“I was backpacking the islands of Hawaii spring of 2016 and met a guy who was living there at the time.
So the day we met, Marcel had been camping in a valley and had to hike out in a downpour. The waist-high river on the way in had turned shoulder deep, and he was drenched on his steep climb up the valley ridge. What kept him going was daydreaming about a new girl that he had yet to meet.
He hitchhiked straight from the edge of the valley to the laundromat to dry out his clothing and gear. Meanwhile, I had just finished my two weeks working on an organic farm and headed to the laundromat to wash everything and find my next adventure. I walked in with my backpack and the first person I saw was him. He said, “Hey, do I know you?” And then we chatted the next few hours doing our laundry. I needed a place to sleep that night and he was staying on a property with $3 tent camping so we hitchhiked in the rain together back to there and I ended up staying in his cabin instead!
Over the next four days, we got to know each other better and went on an off-roading camping adventure and I knew he was my soulmate. We planned to meet up again a few months later to go to Burning Man and then hitchhike around the West Coast.
It was on that trip that I fell in love for the first time.
We had made our way into Oregon and picked up poison oak all over our lower halves at some hot springs. As we finally began to heal and could finally cuddle again without pain, I was by a river in the Redwoods National Park washing out our cooking pan when I was overcome with a warm bubbly feeling that I could only identify as romantic love.
Since then we have done our own travels and traveled together. We’ve learned to partner dance and cook amazing meals and set up the perfect camping zone. We practice open communication and encourage each other to express our feelings and live true to ourselves. We do not use labels but are in a non-monogamous relationship based on trust and honesty.
My advice to other female travelers who just found love is to be open and honest with your partner.

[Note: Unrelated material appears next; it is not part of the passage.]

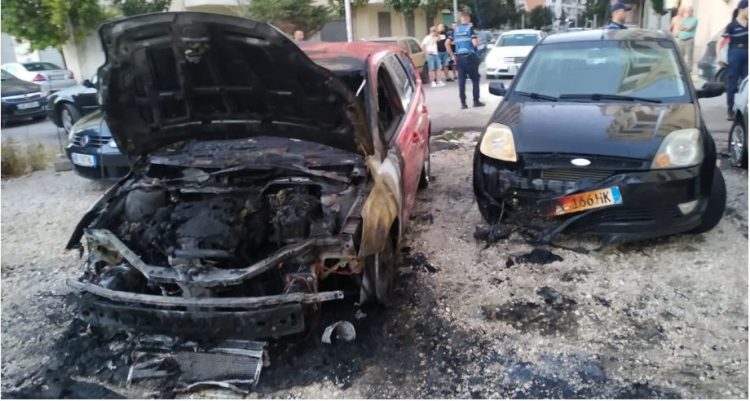 Digjen 3 makina në një parking të Vlorës, dyshohet për zjarrvënie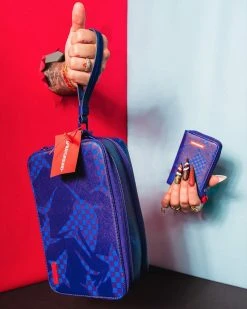 SPRAYGROUND® BAGS SHARK CHECK (BLUE) TOILETRY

You are better off discussing your feelings when they come up, rather than waiting until it blows up into something more than it ever should have been. Be true to yourself and recognize if your relationship is changing you, and set up boundaries to protect yourself if you need to.
And finally, don’t let other people and society define your relationship. Especially as travelers, relationships may need to be fluid. Think about the context around words like “girlfriend”, “boyfriend”, “wife”, “exclusive”. Don’t force yourself to be boxed in by the culture’s context of relationships. Boxes are for box people, and we’re just having fun together.”